Before you jump to conclusions and think that i'm just another one of those annoying skinny people who thinks she's fat, let me explain. Yes, i gained weight but more than that, the honesty in this post comes from a place much deeper than just weight loss or weight gain. Let's start from the beginning.
In 2013, At the peak of my fitness and my career, i was down 4 jean sizes and making more money in a weekend than I ever did in a month in the corporate world. I was on top of my game and I felt on top of the world.
no excuses... ha!
In August of the same year, I felt I had plateaued and wanted a change in my diet and my routine. I'd been hearing a lot of buzz at that time about "reverse dieting" and knew a lot of friends who found success with it so i didn't hesitate to give it a shot. For those of you who are unfamiliar with reverse dieting, it's a method of steadily adding more calories back to your diet while still remaining around the same weight. Sounds magical right? You're supposed to keep up with your workout routine if not add more intensity but what happened with me is that..... life happened.
Excuse: I got too busy.
The truth was, i was busy trying to think and justify that i was busy. The truth was, I got too comfortable in my career. The truth was, I got lazy. My workouts started becoming less intense while the excuses started to become more intense.
Sure enough, the 300g of carbs I was ingesting per day started to catch up with me fast. Because of the weight gain, I got in to the mindset of "well, i'm gaining weight anyway, what's another whole pizza going to do" *nom nom nom* At the peak of my weight gain, i was heavier than when I started my journey back in 2012. The instagram posting slowed down, the before and after shots became non-existent, and blogging became a thing of the past. I was ashamed.
I welcomed 2014 as a fresh start but it was not the fresh start i was expecting.
In all honesty, 2014 has been the darkest year of my life.
The weight gain took a shot at my confidence and while I had hit rock bottom weight wise, I was hitting an even deeper rock bottom emotionally and mentally. Remember all the success I spoke about with my career in 2013? It was the complete opposite in 2014. The things I expected and assumed would happen, did not happen. The goals I set out to hit? I missed. This resulted in changes on the inside. It was when my husband said one line that I knew.... something serious was going on with me. He said "you're not yourself anymore."
I did not want to go out. I did not want to socialize. I did not want to catch up with old friends because what would they think of me? I thought and saw myself as a big. fat. failure. Those thoughts really got engraved in my heart and my mind because I started to believe it and I started to live it. And when you start to think it, live it and believe it, it starts to manifest itself in other areas of your life. First i injured my thumb and felt helpless. Then i injured my knee. Then, at the peak of rock bottom, I got into a car accident. My car was totalled. Now both my knees and my lower back feel constant pain and discomfort. I was so angry at God and blamed him for why everything wrong in my life was happening all in the same year.
Days would pass where I didn't leave the house.
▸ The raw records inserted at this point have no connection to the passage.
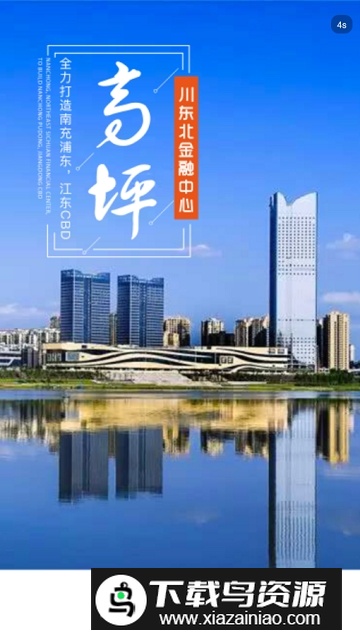 云上高坪融媒客户端最新版截图1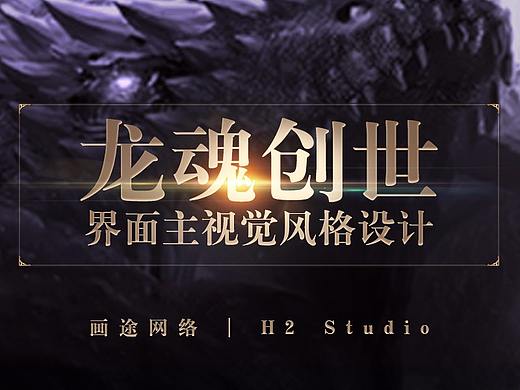 H2 Studio | 龙魂界面主视觉设计分享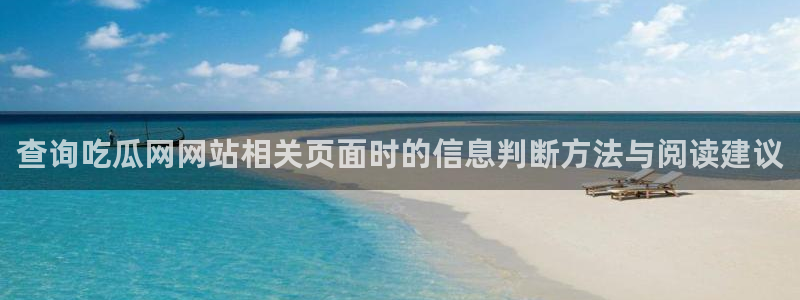 吃瓜视频在线观看:查询吃瓜网网站相关页面时的信息判断方法与阅读建议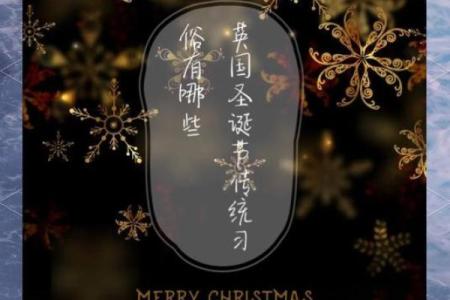 英国六月狂欢：传统节俗揭秘，不可错过的节日盛宴
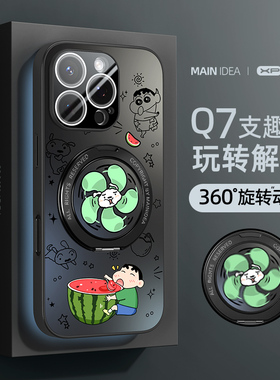 适用苹果16promax手机壳iphone17新款15pro高级感magsafe磁吸14plus防摔13镜头12全包11支点壳风扇小新保护套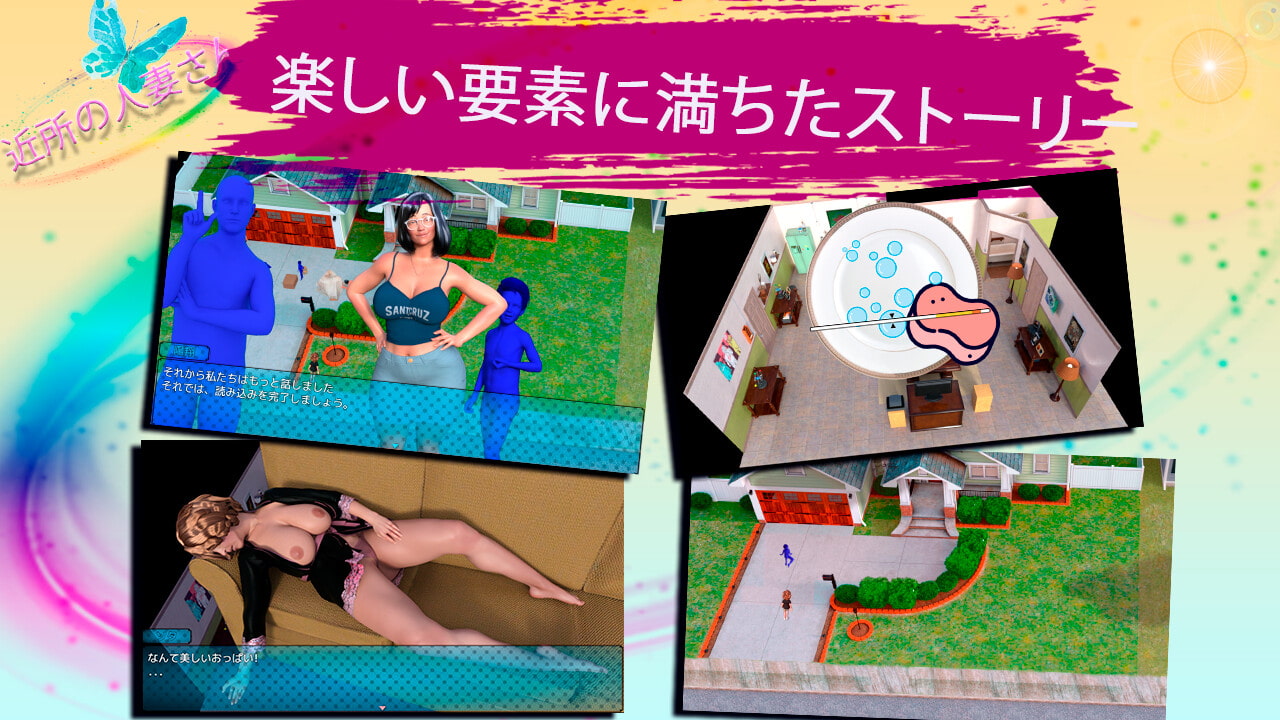 近所の人妻さん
I found myself breaking down and crying while doing simple things like washing the dishes.... if I even got to the dishes because I preferred to just stay curled up in a ball on the couch and think about how much I had failed in life. Much of my weekend would be spent trying to make my eyes look less puffy from all the crying I had done all week so that I could pretend I was happy and ok in front of every one else. I was depressed. And I was in denial about being depressed. And I was embarrassed about being depressed. I come from a happy family and a supportive circle of friends, i'm not supposed to be depressed! But i was and it was getting harder and harder to mask.
"The first step to recovery is admitting you have a problem..."
The start of my healing began when I decided to open up about my situation to one of the people i consider a mentor... My dad. On this night, with my tear and snot stained t-shirt on, I knocked on my parents door and with 5 words, i fell apart. "Pa, i think i'm depressed."
After talking things through, I came to understand that failure happens but failure is not WHO i am. I guess that's why i struggled so much because I thought my weight gain defined me, what other people thought of me defined me, my career success and failure defined me.
Today, i still have bad days, i'm still struggling and i've only just recently started to get serious about working out again. But it feels like a weight being lifted off my shoulders to finally stop hiding and just be able to admit that hey guys, i fell down and i fell down HARD but i'm picking myself up again. They say it's not your obstacles that define you but how you deal with those obstacles.
I'm not sure what you believe but I believe that God rocks your world in a crazy way to get rid of the old and make way for the new. This year has been a year of major change, lots of learning, and lots of growth. Just as gold goes through fire to get rid of the junk, perhaps this year was my year of getting rid of the junk in life. Pride, anger, jealousy. I'm not going to wait for another new year for a fresh start, i'm starting now.
If you are going through or have gone through similar situations or thoughts, talk to someone about it. Most of all, don't let the negative situations in your life define you. CHOOSE to see the negative as an opportunity that can be turned into something positive. It's not over yet.